# Tarmac Comp Disc question



## FeltF75rider (Feb 10, 2012)

Just ordered a 2018 Tarmac Comp Disc, sure I could have spent more and got the thru axle version for 2019 but for my budget it hit the mark. Any ways my one question about the bike is the disc brakes. Are the disc’s 6 bolt or center lock? Not familiar with Disc brake bikes, my only experience was a Diverge with 6 bolt mounted. I had that bike a very short time and didn’t really use it a lot.


----------



## FeltF75rider (Feb 10, 2012)

well, I got the bike and the cons are minimal but mentionable. 80mm stem, really. The bar tape and tires blow, no love here for either. wheels are heavy but they are OEM so on that note really not to horrible. other than wheels my complaints are about wear items so not a huge downside. 
Other than those few items its an amazing bike. It's not quite as light as I had thought but it is a disc brake bike and the wheels are heavy. Its a fantastic ride and hydraulic brakes are really nice. The finish on the frame is excellent, faded two tone paint from red into black. Ultegra 8020 is as advertised, excellent. Overall a purchase I am extremely pleased with and look forward to many miles from this bike. I have swapped out the tires and will change the tape with the bars and 100mm stem. At some point a lighter set of rims will replace the DT's but until then I will go with it. I really like the Tarmac line and this is a good example. Prior Tarmacs owned were both SL4 versions and both very nice.


----------



## 1Butcher (Mar 15, 2011)

I have never purchased a complete bike for myself. Why? For the same reasons you listed above. I'm certain it is costs more design to our own, but it's cheaper in the long run.

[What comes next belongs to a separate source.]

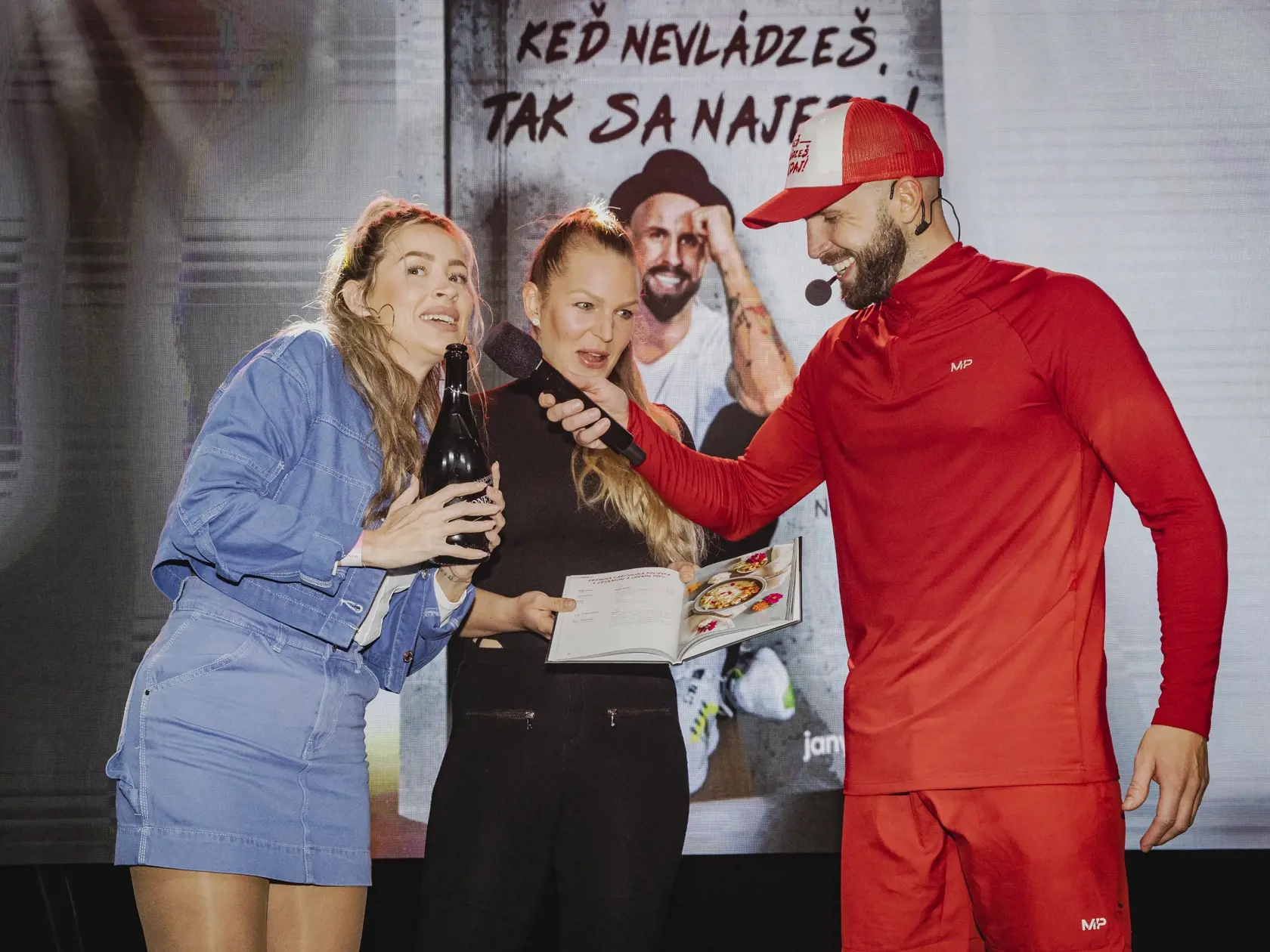 Na snímke Dominika Mirgová a Jany Landl počas benefičného live workoutu a krstu knihy vegánskych receptov „Keď nevládzeš, tak sa najedz“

Glad your overall purchase is great.


----------



## taodemon (Mar 17, 2014)

Where are the obligatory pictures?


----------



## FeltF75rider (Feb 10, 2012)

I will have some up soon. I have not taken any yet. Strange I have a love/hate kind of relationship with Specialized but they do make some nice gear.


----------



## FeltF75rider (Feb 10, 2012)

Today’s ride


----------



## FeltF75rider (Feb 10, 2012)

Well, had the bike long enough and ridden it plenty to come to a conclusion. I really like this bike. Could use lighter wheels however it’s a nice confidence inspiring ride. It is a little heavy but mostly from the boat anchor wheels and I’m sure the disc brakes add a little but the stopping power is a real plus. 8000 Ultegra is really sweet although I really like my 6800 Di2 a little more. I fitted up some 28’s and have just enough clearance although I doubt I would want to go any bigger anyway. Great bike and despite no test ride it’s a great buy.


----------



## TricrossRich (Mar 26, 2014)

Yes, those wheels are a weak point on that build... throw something decent on there and you'll drop a ton of weight.


----------